■ **EXERCISE AIM**
Verbatim output of the lines below is required, with the images omitted.

■ **DATASET SECTION**
____________________
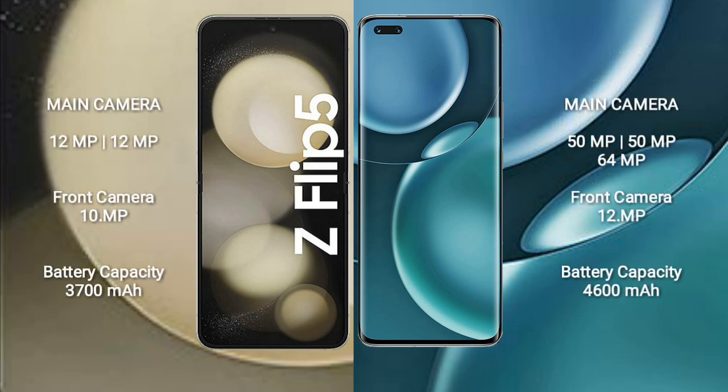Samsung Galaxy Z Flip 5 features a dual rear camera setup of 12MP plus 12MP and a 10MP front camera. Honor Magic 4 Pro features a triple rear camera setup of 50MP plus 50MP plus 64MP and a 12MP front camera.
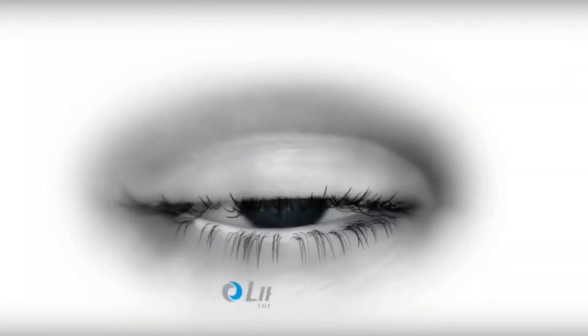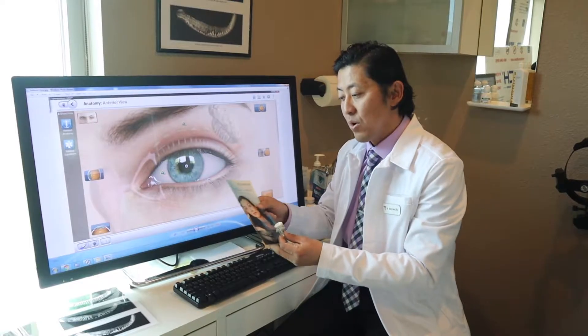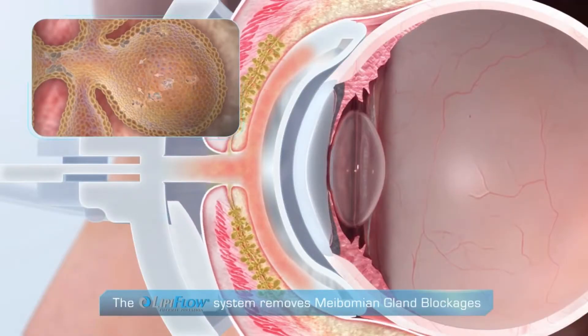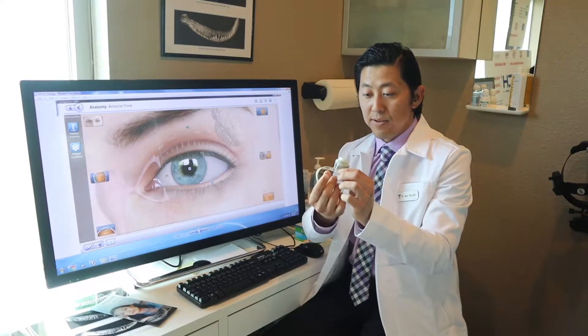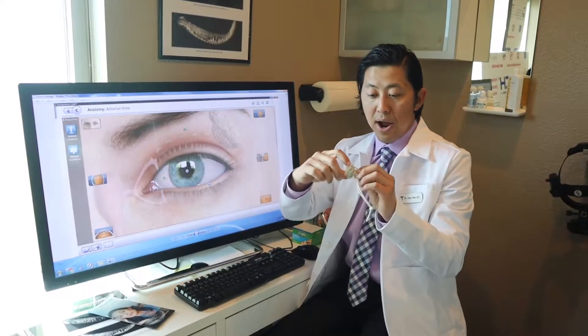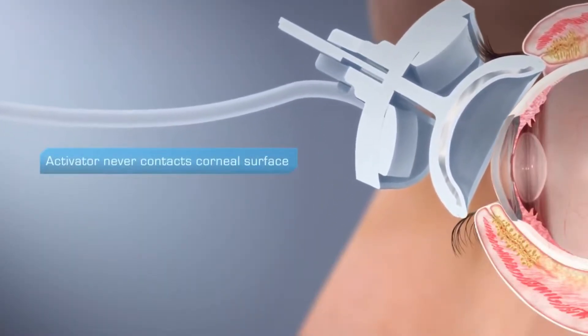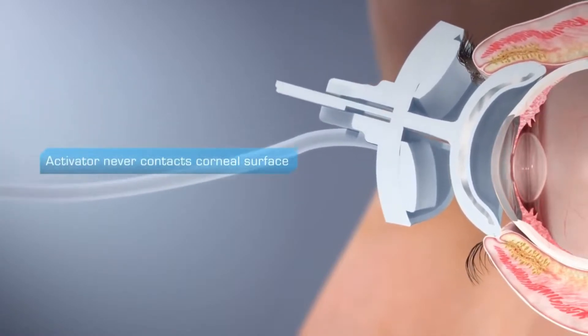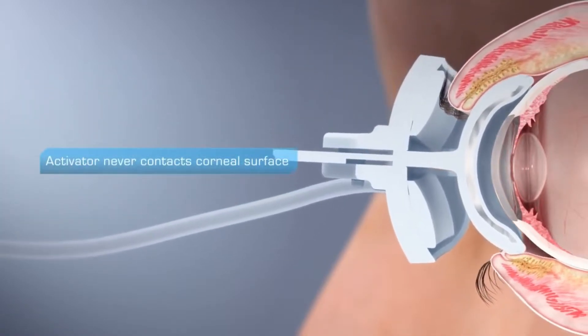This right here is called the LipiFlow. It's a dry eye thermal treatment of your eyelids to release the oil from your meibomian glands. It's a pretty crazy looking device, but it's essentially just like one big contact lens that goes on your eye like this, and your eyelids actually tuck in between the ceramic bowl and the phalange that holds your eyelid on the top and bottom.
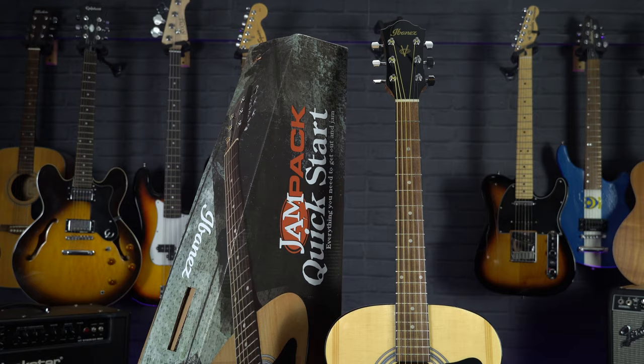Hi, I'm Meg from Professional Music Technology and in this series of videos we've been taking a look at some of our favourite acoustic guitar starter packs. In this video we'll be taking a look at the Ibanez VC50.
____________________
■ **SOLUTION FOR THIS PROBLEM**
Samsung Galaxy Z Flip 5 features a dual rear camera setup of 12MP plus 12MP and a 10MP front camera. Honor Magic 4 Pro features a triple rear camera setup of 50MP plus 50MP plus 64MP and a 12MP front camera.
This right here is called the LipiFlow. It's a dry eye thermal treatment of your eyelids to release the oil from your meibomian glands. It's a pretty crazy looking device, but it's essentially just like one big contact lens that goes on your eye like this, and your eyelids actually tuck in between the ceramic bowl and the phalange that holds your eyelid on the top and bottom.
Hi, I'm Meg from Professional Music Technology and in this series of videos we've been taking a look at some of our favourite acoustic guitar starter packs. In this video we'll be taking a look at the Ibanez VC50.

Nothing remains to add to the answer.